_Recorded information_

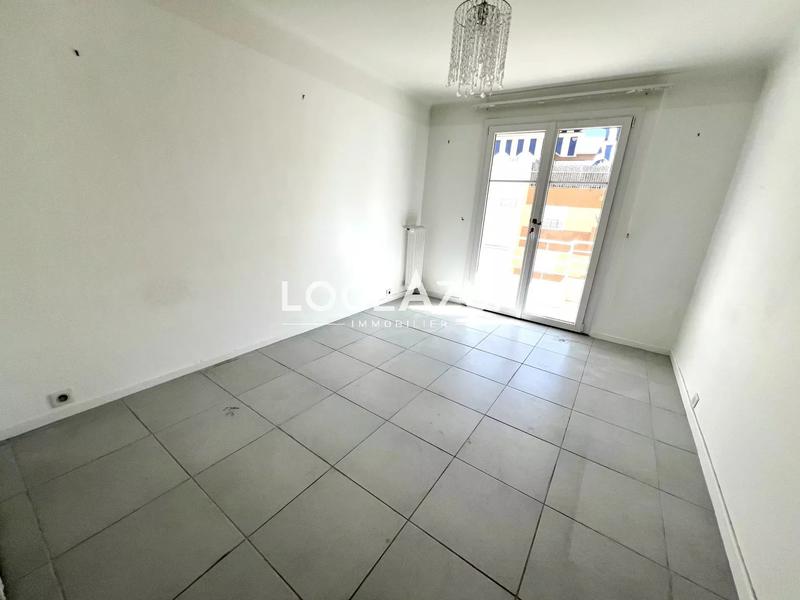 Appartement - 80 m² - 3 pièces
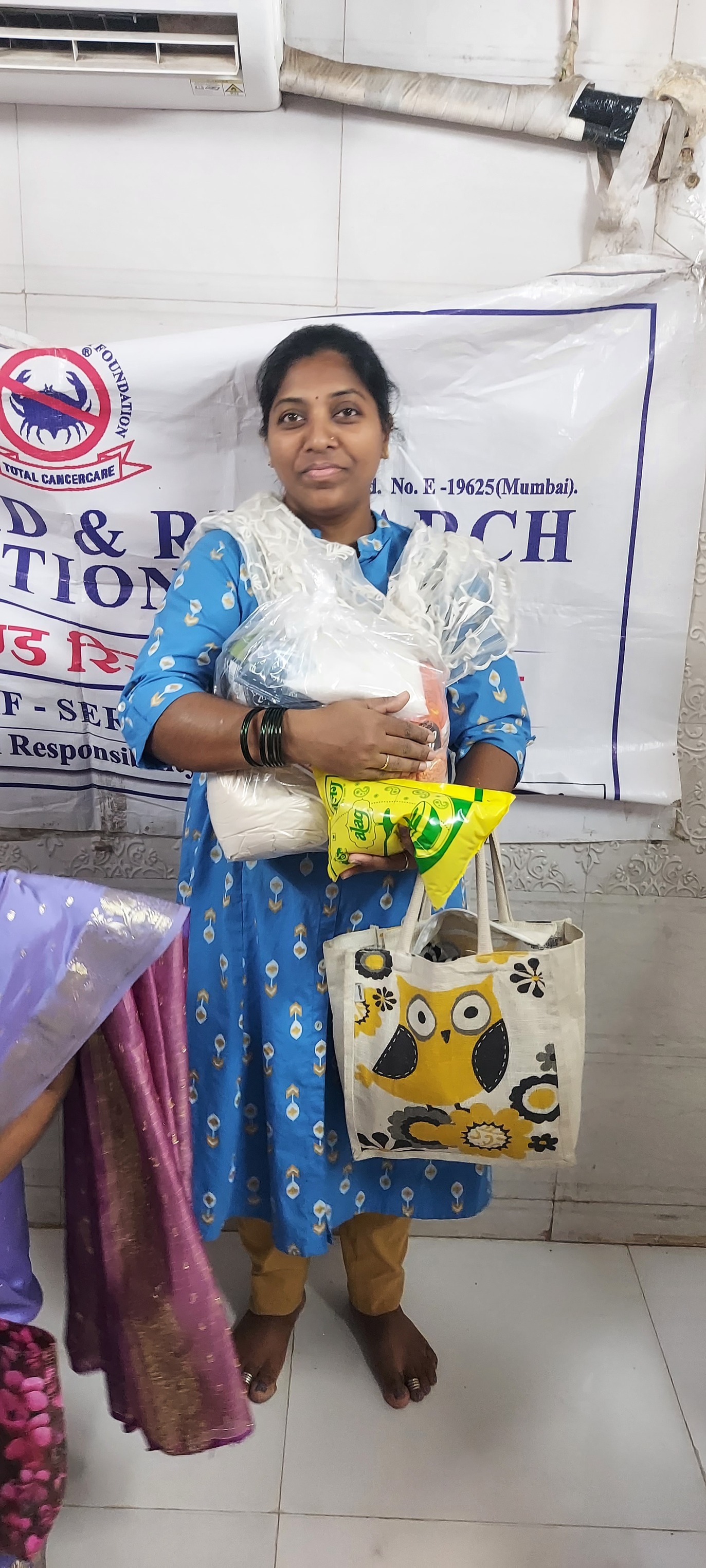 Hunger Eradication Programme at Kohinoor Mill Compound photo gallery cover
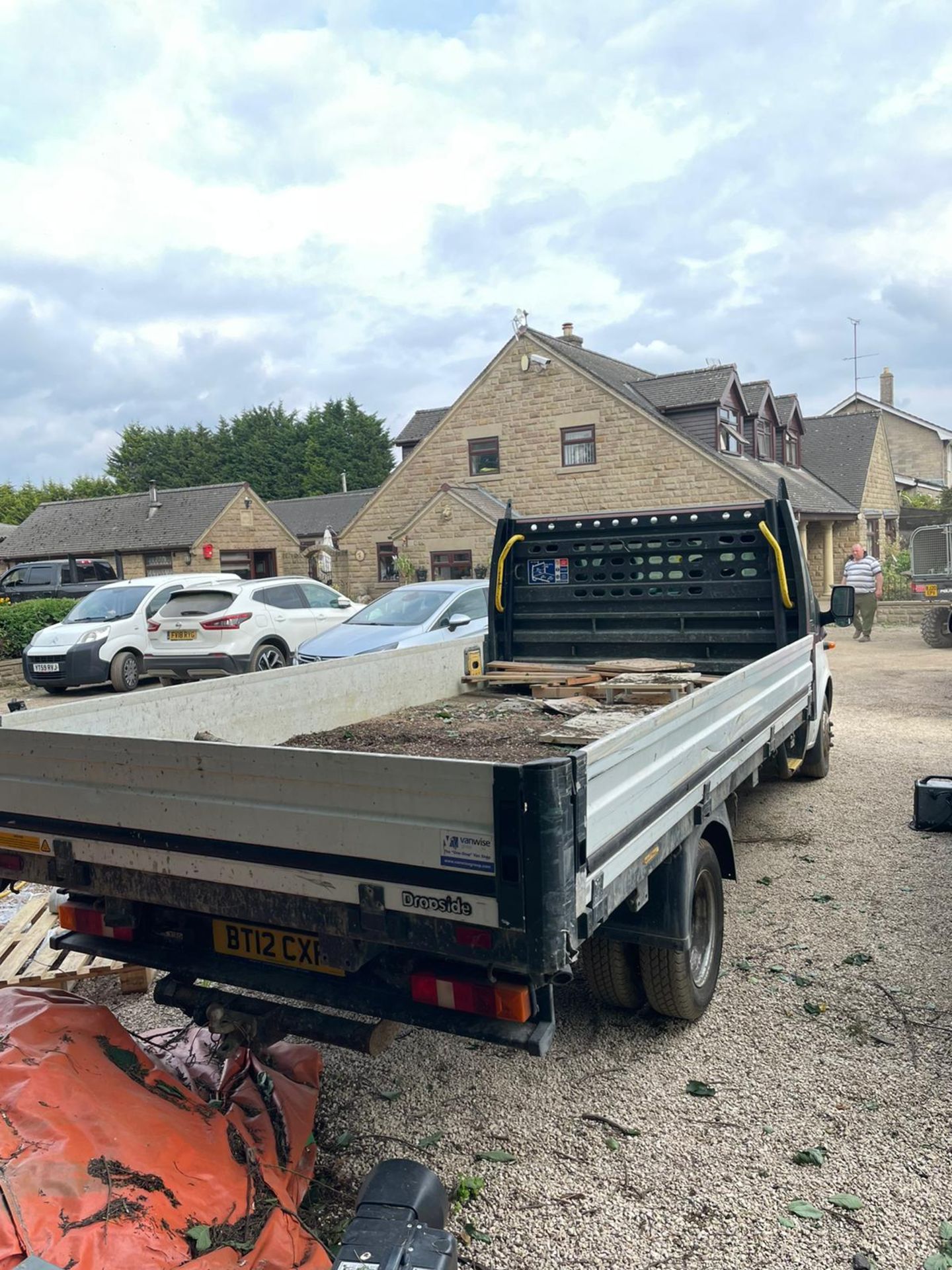 2012 FORD TRANSIT 125 T350 RWD WHITE DROPSIDE PICK UP, 2.2 DIESEL, 159K MILES, UNKNOWN FAULT *NO VAT - Image 4 of 6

_Directions_
Leave out the pictures and reproduce the rest of the listing exactly.

_Task solution_
 Appartement - 80 m² - 3 pièces
 Hunger Eradication Programme at Kohinoor Mill Compound photo gallery cover
 2012 FORD TRANSIT 125 T350 RWD WHITE DROPSIDE PICK UP, 2.2 DIESEL, 159K MILES, UNKNOWN FAULT *NO VAT - Image 4 of 6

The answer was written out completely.